_Task objective_
Repeat the entire listing exactly. Omit all pictures.

_Input data_
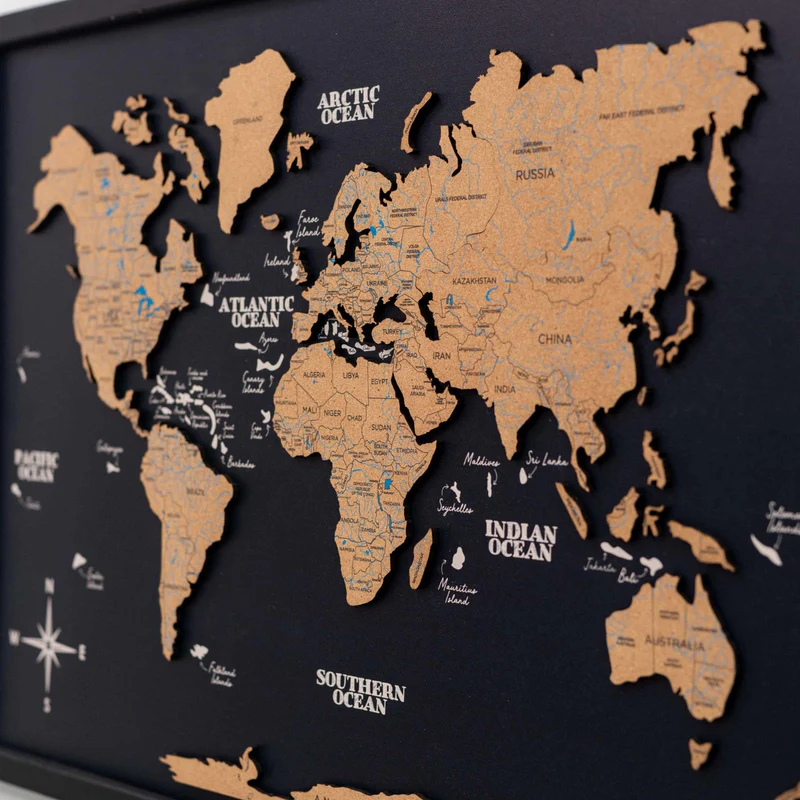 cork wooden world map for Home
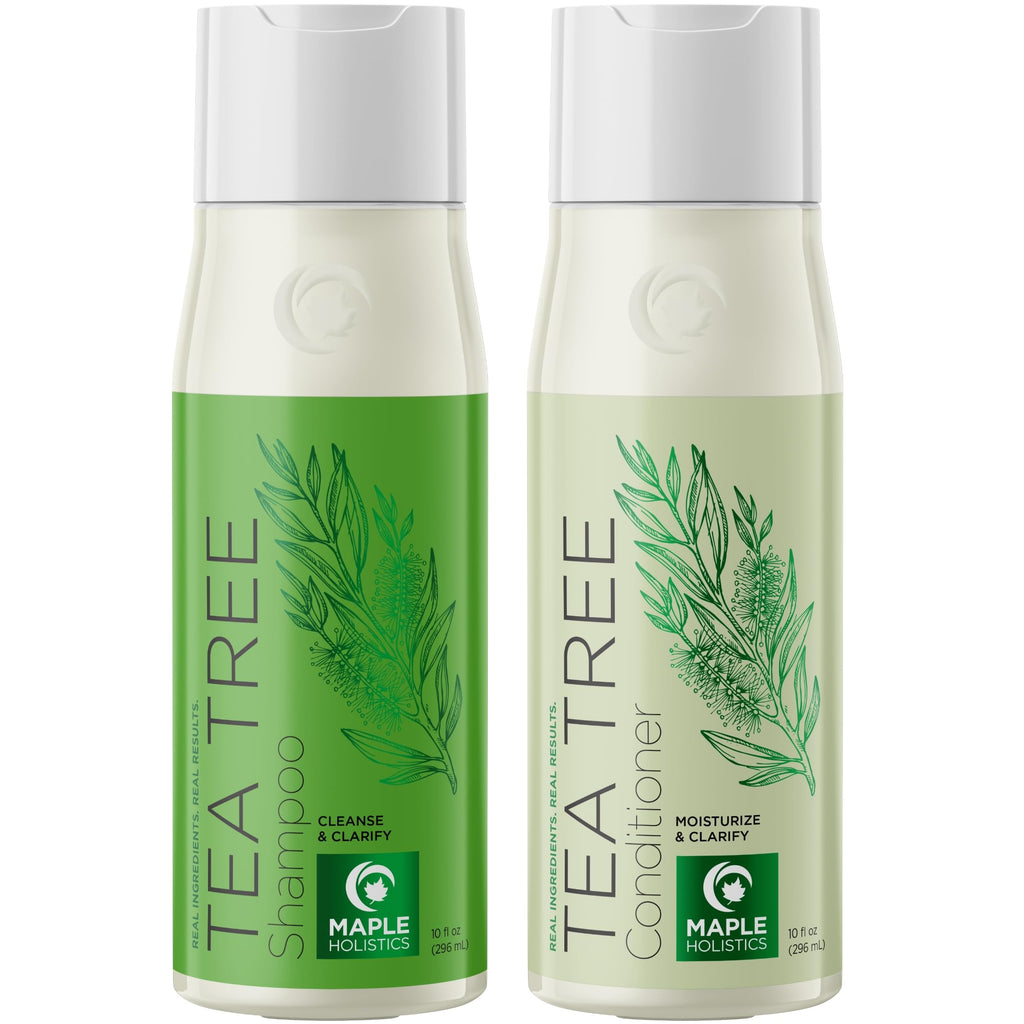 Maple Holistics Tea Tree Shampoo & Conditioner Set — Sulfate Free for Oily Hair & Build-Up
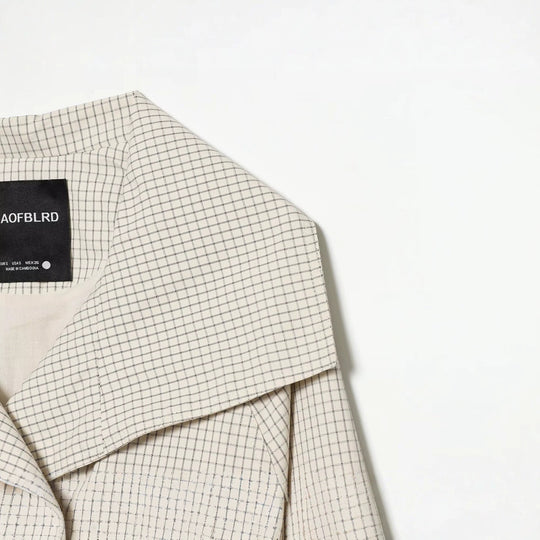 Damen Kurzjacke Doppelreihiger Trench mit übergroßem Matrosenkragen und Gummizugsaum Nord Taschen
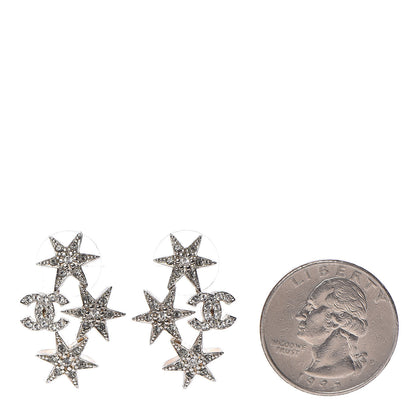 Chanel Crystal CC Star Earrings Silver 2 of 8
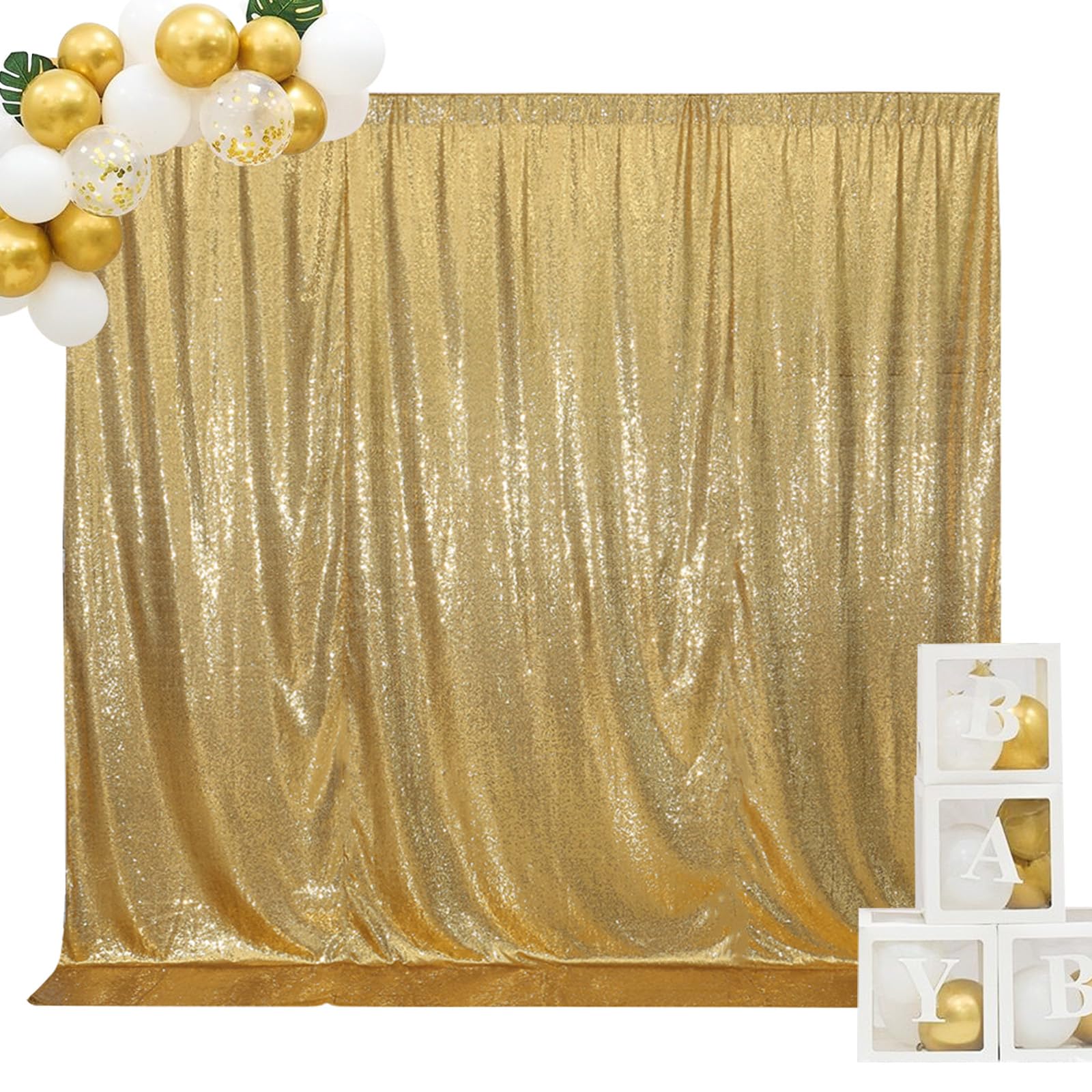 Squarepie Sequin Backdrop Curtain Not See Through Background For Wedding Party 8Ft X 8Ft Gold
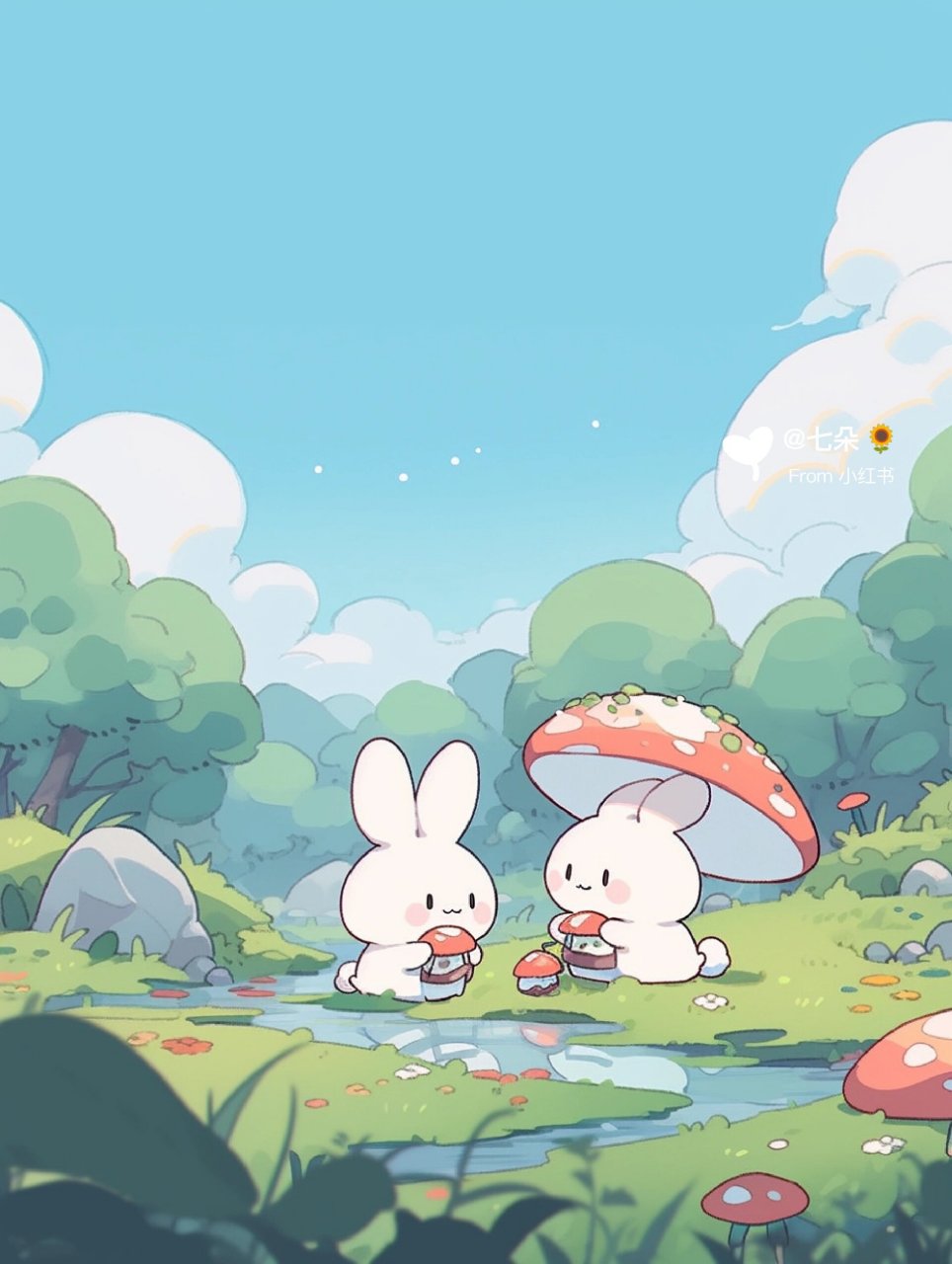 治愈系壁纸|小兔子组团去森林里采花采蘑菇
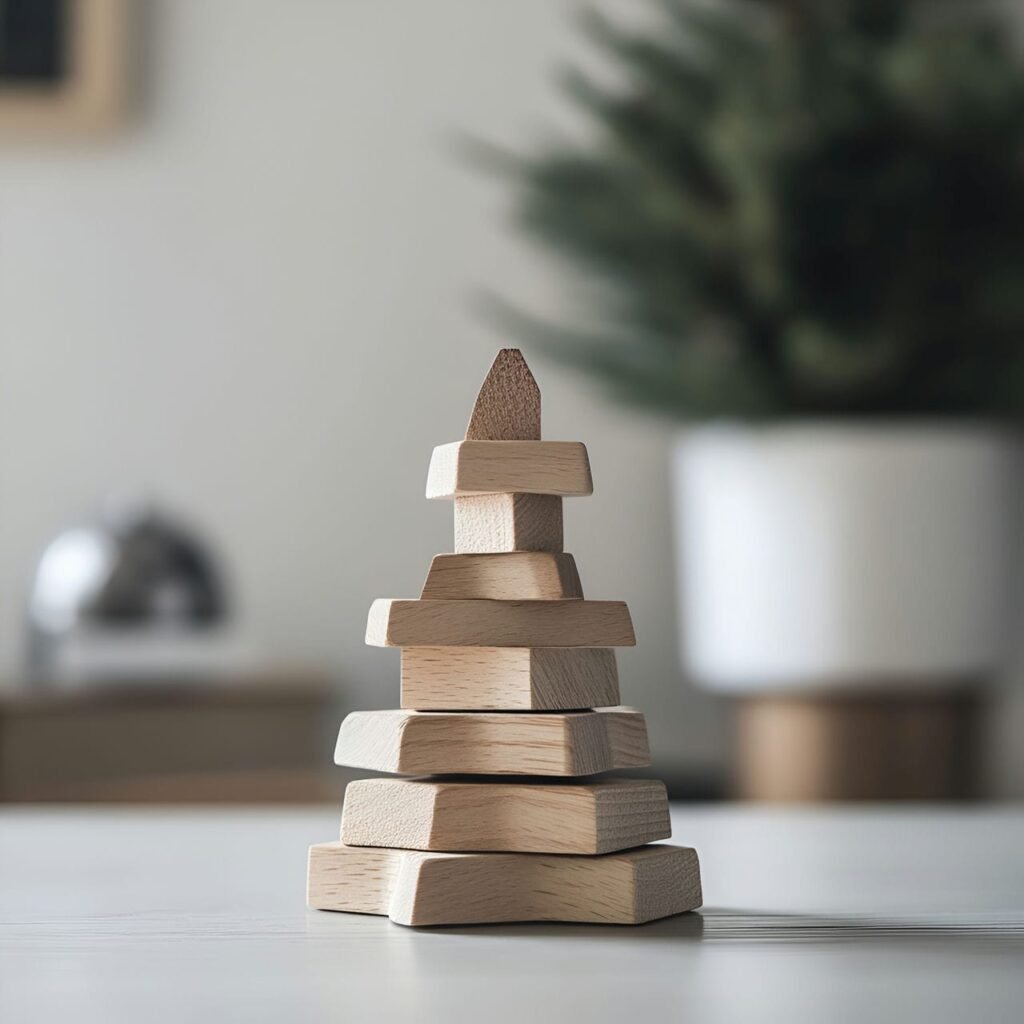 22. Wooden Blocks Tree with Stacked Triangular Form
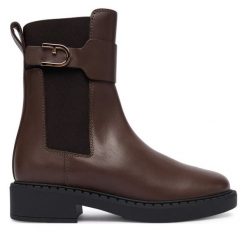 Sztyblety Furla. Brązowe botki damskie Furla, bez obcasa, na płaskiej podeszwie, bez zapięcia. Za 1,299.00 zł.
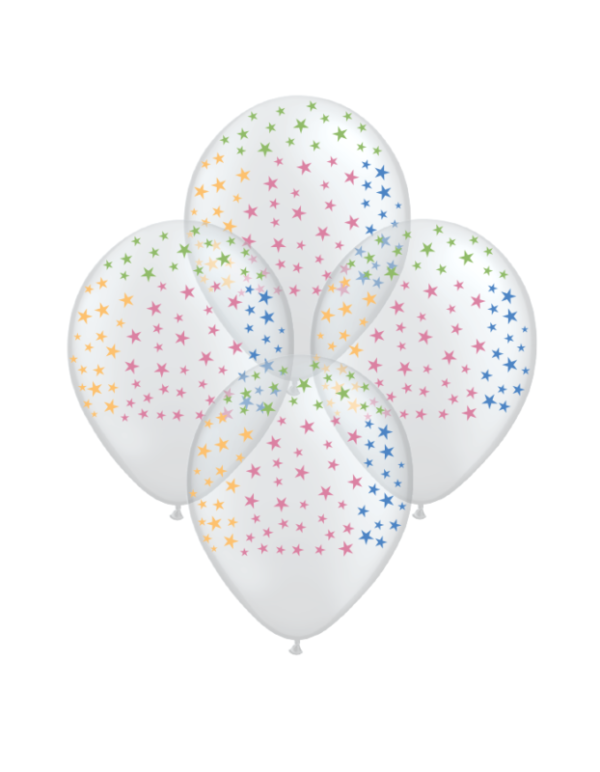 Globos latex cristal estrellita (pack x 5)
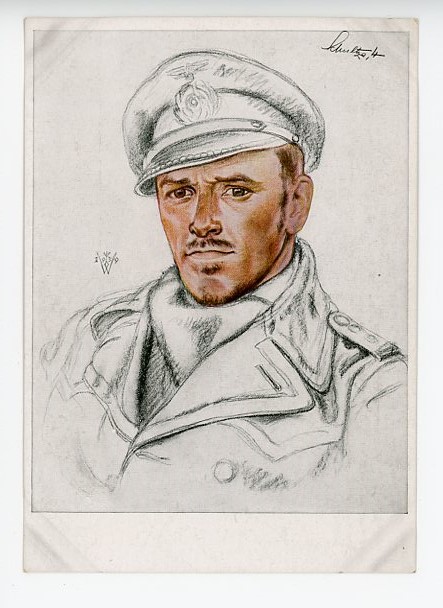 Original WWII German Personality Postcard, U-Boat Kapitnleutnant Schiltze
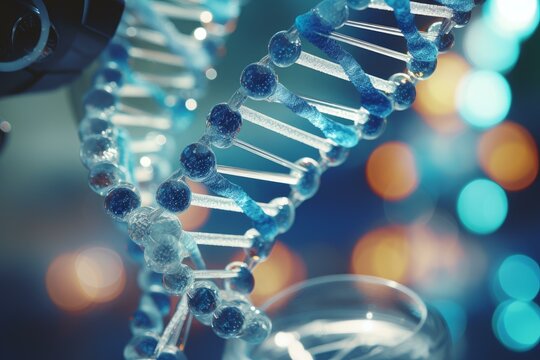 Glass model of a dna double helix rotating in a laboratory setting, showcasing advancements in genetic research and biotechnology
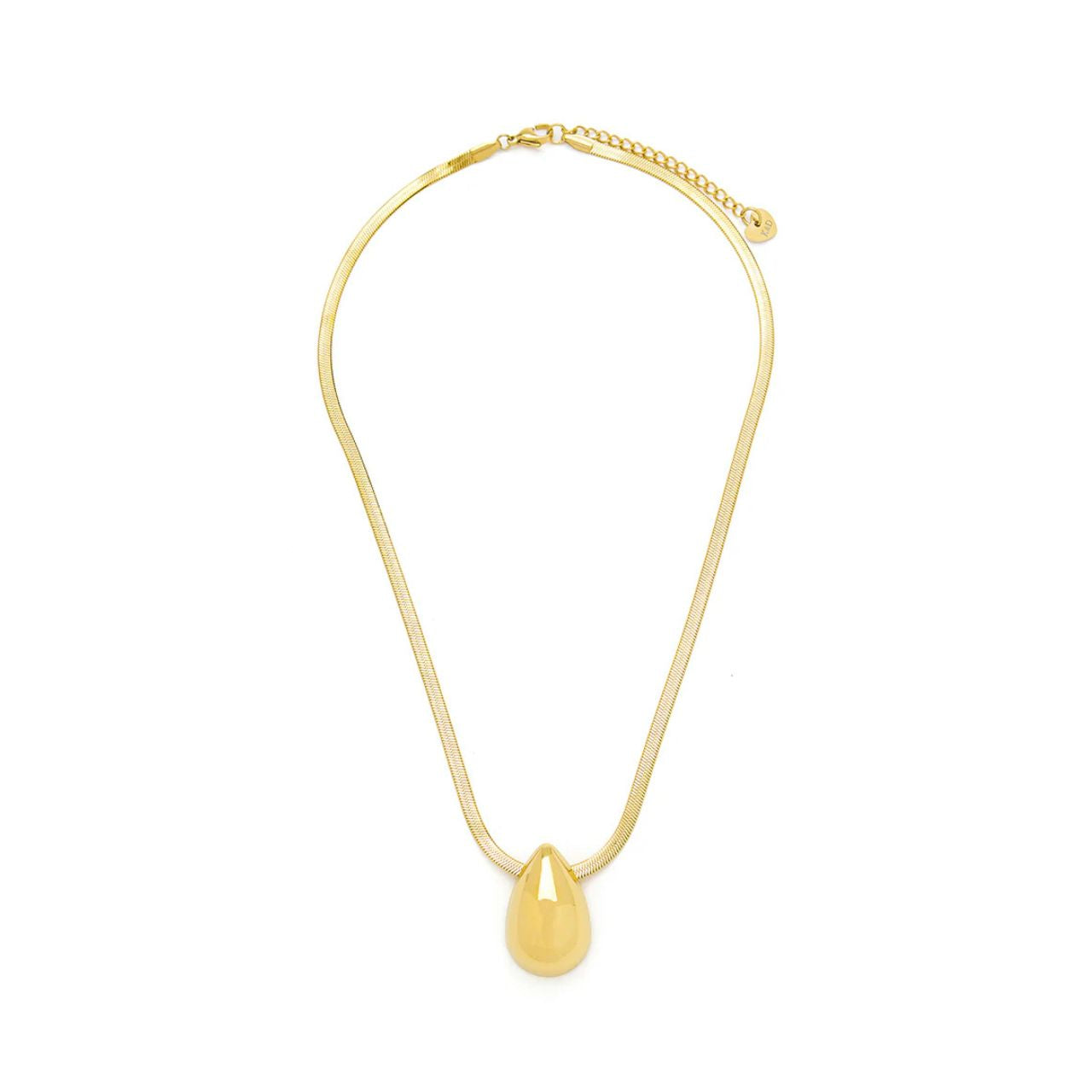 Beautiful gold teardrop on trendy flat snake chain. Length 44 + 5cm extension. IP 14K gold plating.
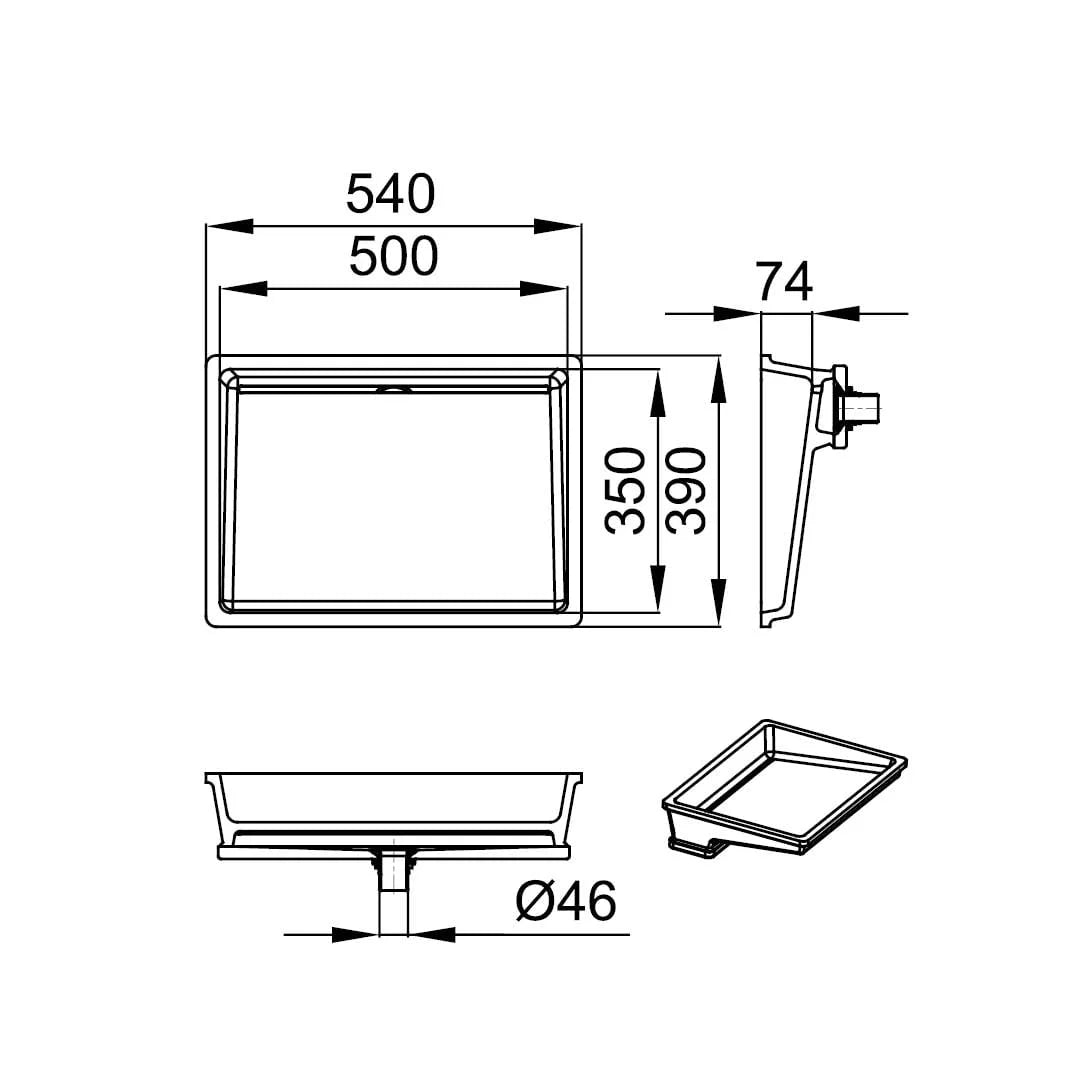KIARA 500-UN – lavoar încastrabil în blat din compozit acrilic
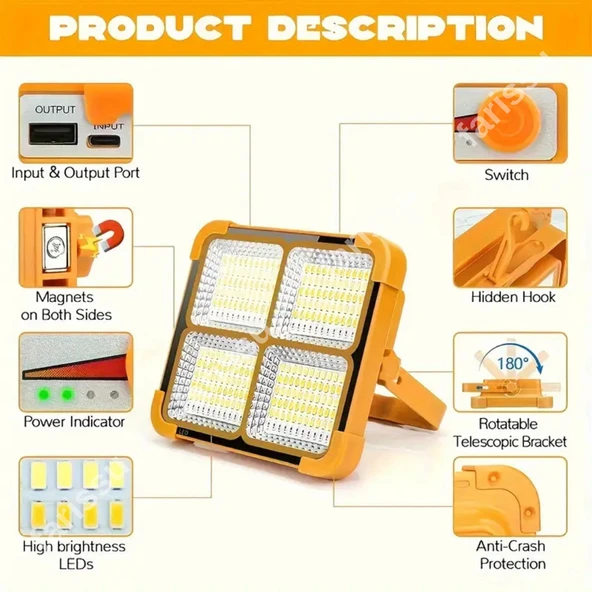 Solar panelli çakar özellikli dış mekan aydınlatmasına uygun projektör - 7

_Answer section_
 cork wooden world map for Home
 Maple Holistics Tea Tree Shampoo & Conditioner Set — Sulfate Free for Oily Hair & Build-Up
 Damen Kurzjacke Doppelreihiger Trench mit übergroßem Matrosenkragen und Gummizugsaum Nord Taschen
 Chanel Crystal CC Star Earrings Silver 2 of 8
 Squarepie Sequin Backdrop Curtain Not See Through Background For Wedding Party 8Ft X 8Ft Gold
 治愈系壁纸|小兔子组团去森林里采花采蘑菇
 22. Wooden Blocks Tree with Stacked Triangular Form
 Sztyblety Furla. Brązowe botki damskie Furla, bez obcasa, na płaskiej podeszwie, bez zapięcia. Za 1,299.00 zł.
 Globos latex cristal estrellita (pack x 5)
 Original WWII German Personality Postcard, U-Boat Kapitnleutnant Schiltze
 Glass model of a dna double helix rotating in a laboratory setting, showcasing advancements in genetic research and biotechnology
 Beautiful gold teardrop on trendy flat snake chain. Length 44 + 5cm extension. IP 14K gold plating.
KIARA 500-UN – lavoar încastrabil în blat din compozit acrilic
 Solar panelli çakar özellikli dış mekan aydınlatmasına uygun projektör - 7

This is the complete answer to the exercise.